HKUDS / OpenGraph

[EMNLP'2024] "OpenGraph: Towards Open Graph Foundation Models"
https://arxiv.org/abs/2403.01121
Apache License 2.0
265 stars 31 forks source link

How do I get /datasets/pubmed/ this kind of data from a raw pubmed dataset? #4

Closed Andy3117006664 closed 4 months ago

Andy3117006664 commented 4 months ago

A raw pubmed dataset has data like ind.pubmed.allx, ind.pubmed.ally.

How do I convert these data from raw pubmed datasets into data in /datasets/pubmed/ folder?

image

akaxlh commented 4 months ago

Thank you for your interests in our work. You may refer to the following scripts:

from torch_geometric.datasets import Planetoid
import torch_geometric.transforms as T
import torch as t
import numpy as np
from scipy.sparse import csr_matrix, coo_matrix
import argparse
import os
import pickle

parser = argparse.ArgumentParser(description='Model Parameters')
parser.add_argument('--data', default='', type=str, help='data name')
parser.add_argument('--shot', default=5, type=int, help='number of shots for each node')
args = parser.parse_args()

def make_fewshot_train_mask(train_mask, labels, shot):
    node_num = train_mask.shape[0]
    class_to_nodeid = dict()
    for i in range(node_num):
        if not train_mask[i]:
            continue
        if labels[i] not in class_to_nodeid:
            class_to_nodeid[labels[i]] = list()
        class_to_nodeid[labels[i]].append(i)
    new_train_mask = (np.zeros_like(labels) != 0)
    for label_class in class_to_nodeid:
        nodes = class_to_nodeid[label_class]
        if shot == -1:
            picked_nodes = nodes
        else:
            picked_nodes = np.random.permutation(len(nodes))[:shot]
        new_train_mask[picked_nodes] = True
    print('before', np.sum(train_mask), 'after', np.sum(new_train_mask))
    return new_train_mask

def make_adj_with_class_nodes(mat, labels, mask):
    rows, cols = list(mat.row), list(mat.col)
    assert np.min(labels) == 0
    class_num = np.max(labels) + 1
    node_num = mat.shape[0]
    for i in range(node_num):
        if mask[i]:
            rows.append(i)
            cols.append(labels[i] + node_num)
            rows.append(labels[i] + node_num)
            cols.append(i)
    vals = np.ones_like(rows)
    print('class num', class_num)
    return coo_matrix((vals, (rows, cols)), [node_num + class_num, node_num + class_num])

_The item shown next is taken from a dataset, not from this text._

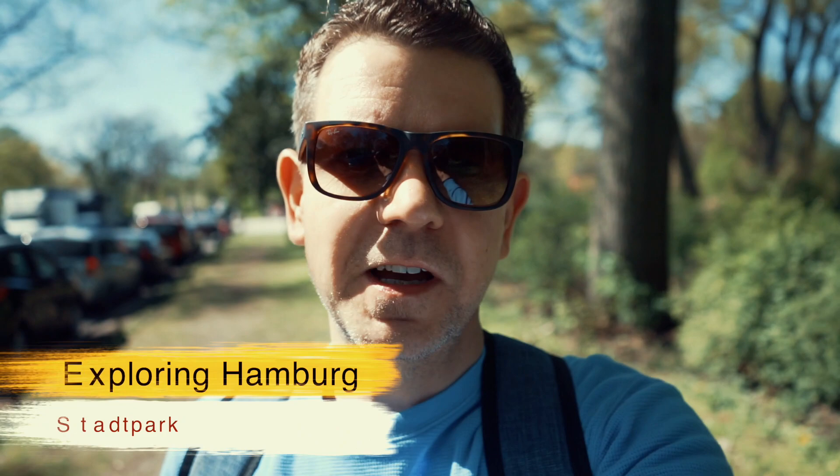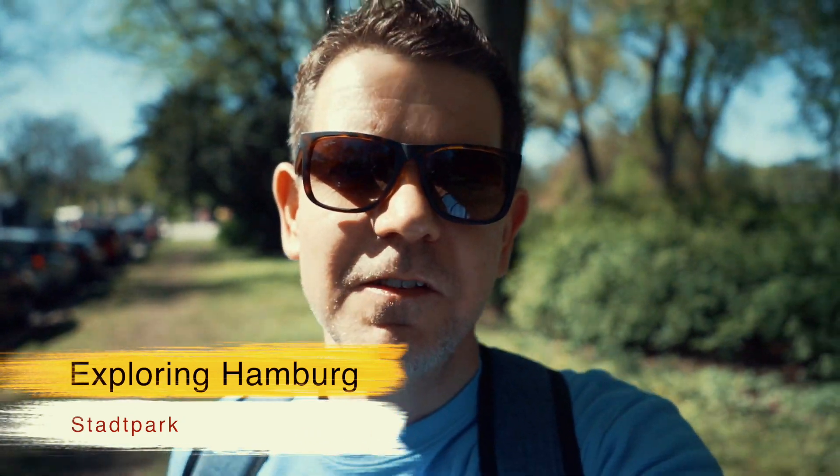So my first recommendation for you guys is the Stadtpark, which is even more beautiful during the cherry blossom season.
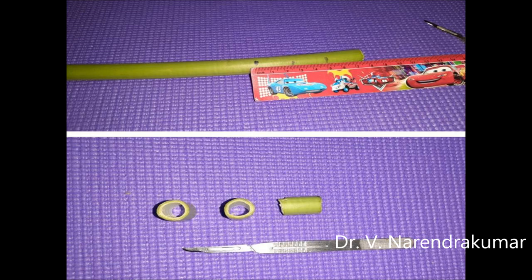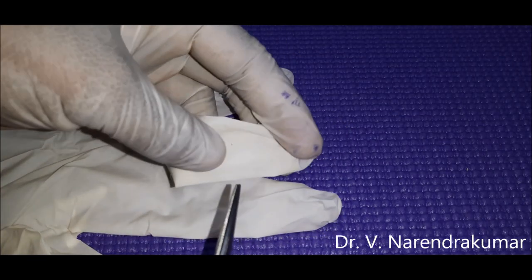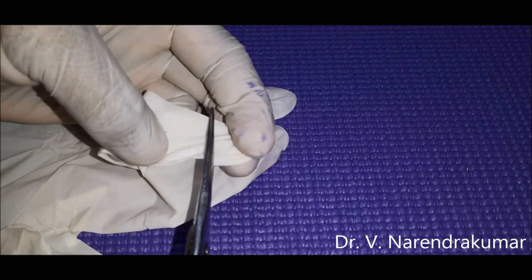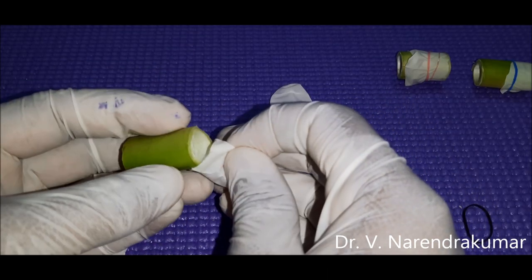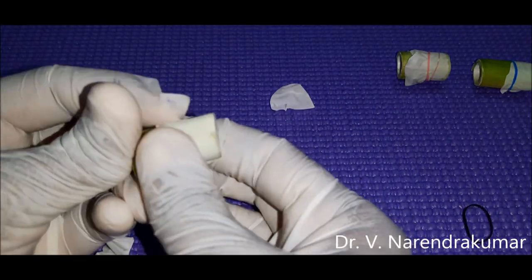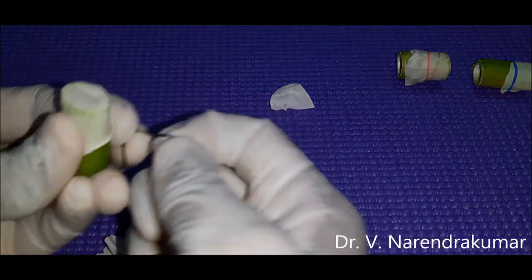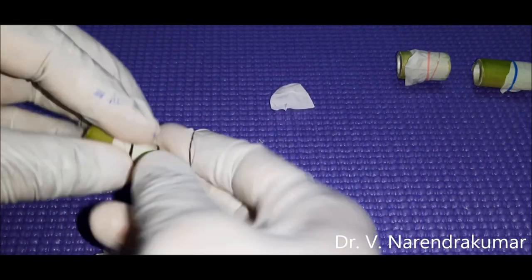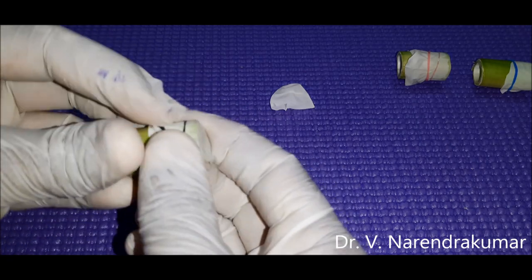Next, take a surgical glove — we need the fingertip area. So just cut the fingertip area, and with that you encircle the pieces. Make the surgical glove layer slightly tensed by fixing it using a rubber band.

def write_file(data, file):
    with open(file, 'wb') as fs:
        pickle.dump(data, fs)

dataset = Planetoid('data', args.data, transform=T.NormalizeFeatures())
data = dataset[0]
print(data)

node_num = data.y.shape[0]
rows = data.edge_index[0].numpy()
cols = data.edge_index[1].numpy()
vals = np.ones_like(rows)
mat = coo_matrix((vals, (rows, cols)), shape=[node_num, node_num])
feats = data.x.numpy()
labels = data.y.numpy()
train_mask, val_mask, test_mask = data.train_mask, data.val_mask, data.test_mask
masks = dict()
train_mask = train_mask + val_mask

# test_idxs = np.random.permutation(node_num)[:int(node_num * 0.2)]
# train_mask = np.ones(node_num)
# train_mask[test_idxs] = 0
# test_mask = np.zeros(node_num)
# test_mask[test_idxs] = 1
# train_mask = t.from_numpy(train_mask == 1)
# test_mask = t.from_numpy(test_mask == 1)
# val_mask = test_mask

masks['valid'] = val_mask.numpy()
masks['test'] = test_mask.numpy()
print('train', np.sum(train_mask.numpy()))
print('val', np.sum(val_mask.numpy()))
print('test', np.sum(test_mask.numpy()))
masks['train'] = make_fewshot_train_mask(train_mask.numpy(), labels, args.shot)
class_adj = make_adj_with_class_nodes(mat, labels, masks['train'])

# exit()
if not os.path.exists(args.data):
    os.mkdir(args.data)
write_file(masks, f'{args.data}/mask_{args.shot}.pkl')
write_file(feats, f'{args.data}/feats.pkl')
write_file(mat, f'{args.data}/adj.pkl')
write_file(labels, f'{args.data}/label.pkl')
write_file(class_adj, f'{args.data}/adj_{args.shot}.pkl')
Andy3117006664 commented 4 months ago

Thank you for your interests in our work. You may refer to the following scripts:

from torch_geometric.datasets import Planetoid
import torch_geometric.transforms as T
import torch as t
import numpy as np
from scipy.sparse import csr_matrix, coo_matrix
import argparse
import os
import pickle

parser = argparse.ArgumentParser(description='Model Parameters')
parser.add_argument('--data', default='', type=str, help='data name')
parser.add_argument('--shot', default=5, type=int, help='number of shots for each node')
args = parser.parse_args()

def make_fewshot_train_mask(train_mask, labels, shot):
    node_num = train_mask.shape[0]
    class_to_nodeid = dict()
    for i in range(node_num):
        if not train_mask[i]:
            continue
        if labels[i] not in class_to_nodeid:
            class_to_nodeid[labels[i]] = list()
        class_to_nodeid[labels[i]].append(i)
    new_train_mask = (np.zeros_like(labels) != 0)
    for label_class in class_to_nodeid:
        nodes = class_to_nodeid[label_class]
        if shot == -1:
            picked_nodes = nodes
        else:
            picked_nodes = np.random.permutation(len(nodes))[:shot]
        new_train_mask[picked_nodes] = True
    print('before', np.sum(train_mask), 'after', np.sum(new_train_mask))
    return new_train_mask

def make_adj_with_class_nodes(mat, labels, mask):
    rows, cols = list(mat.row), list(mat.col)
    assert np.min(labels) == 0
    class_num = np.max(labels) + 1
    node_num = mat.shape[0]
    for i in range(node_num):
        if mask[i]:
            rows.append(i)
            cols.append(labels[i] + node_num)
            rows.append(labels[i] + node_num)
            cols.append(i)
    vals = np.ones_like(rows)
    print('class num', class_num)
    return coo_matrix((vals, (rows, cols)), [node_num + class_num, node_num + class_num])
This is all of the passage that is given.